If we impose some model constraints, we might be able to forge ahead. Which and how many constraints to impose will depend upon the number of variables in the system, particulars of your estimation method, and the domain context. For now, let’s suppose it to be a priori economic truth that a same-quarter rise in income might immediately generate additional consumption, but that same-quarter changes in consumption do not typically immediately affect income. Further, let’s assume without loss of generality that the errors remain unscaled and fully diagonalized:
\[\mathbf{A} = \left[\begin{array}{cc} 1 & a \\ 0 & 1 \end{array}\right], \quad \mathbf{B} = \left[\begin{array}{cc} 1 & 0 \\ 0 & 1 \end{array}\right]\]
Implying,
\[\begin{array}{rcl} \nabla y_{\textrm{Conl},t} & = & c_\textrm{Conl} - a \nabla y_{\textrm{Incl},t} + \ldots \\ \nabla y_{\textrm{Incl},t} & = & c_\textrm{Incl} - 0 \nabla y_{\textrm{Conl},t} + \ldots \end{array}\]
This allows us to solve for the missing coefficient \(a\).
Code
(svar.a <- SVAR(coninc.var,estmethod='direct',Amat=matrix(c(1,0,NA,1),nrow=2),method='BFGS'))
SVAR Estimation Results:
========================
Estimated A matrix:
conl incl
conl 1 -0.5276
incl 0 1.0000
Suggesting that a one-unit change in log income will increase3 log consumption by about 0.53 units.
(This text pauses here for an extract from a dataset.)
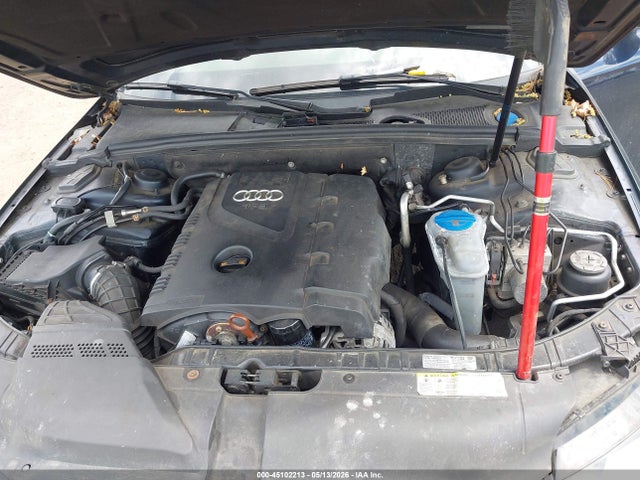 Audi A4 2.0t Premium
We can use this \(\mathbf{A}\) matrix to indirectly estimate the impact matrix, since due to our assumption that \(\mathbf{B}\) is the identity matrix we have \(\boldsymbol{\omega}_t = \mathbf{A}^{-1} \mathbf{B} \boldsymbol{\varepsilon}_t = \mathbf{A}^{-1} \boldsymbol{\varepsilon}_t\):
Code
solve(svar.a$A) conl incl
conl 1 0.5275981
incl 0 1.0000000
Ignore the column headings here; they are somewhat misleading. The two columns represent two types of uncorrelated shocks (\(\boldsymbol{\varepsilon}_1\) and \(\boldsymbol{\varepsilon}_2\)) that we believe are “hidden” behind the observed variables in our system. A one-SD change in \(\boldsymbol{\varepsilon}_1\) will shock changes in log consumption by one SD as well, with no change to log income. A one-SD change \(\boldsymbol{\varepsilon}_1\) will shock changes in log consumption by 0.53 SDs and shock changes in log income by one SD.
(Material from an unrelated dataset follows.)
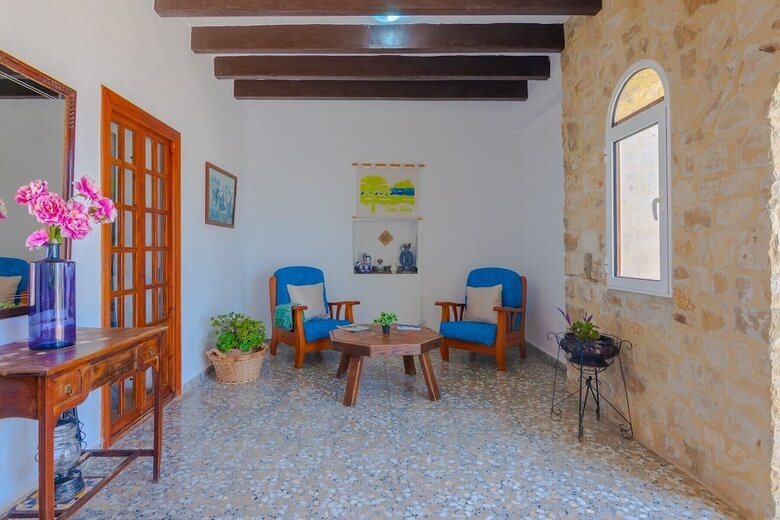 Villa Joana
Restricting and estimating the structural shocks B
The restrictions we place on the \(\mathbf{A}\) matrix reflect our assumptions for what type of contemporaneous effects we believe can exist in the system; from this assumption we can indirectly estimate an impact matrix. However, we can directly estimate the impact matrix by considering the \(\mathbf{B}\) matrix. We saw earlier that the correlated residuals from a reduced-form VAR and the uncorrelated “hidden” shocks are related by the equation \(\boldsymbol{\omega}_t = \mathbf{A}^{-1} \mathbf{B} \boldsymbol{\varepsilon}_t\). By restricting \(\mathbf{B}\) instead of \(\mathbf{A}\), we can directly define how the “structural shocks” \(\boldsymbol{\varepsilon}\) are translated into our series residuals.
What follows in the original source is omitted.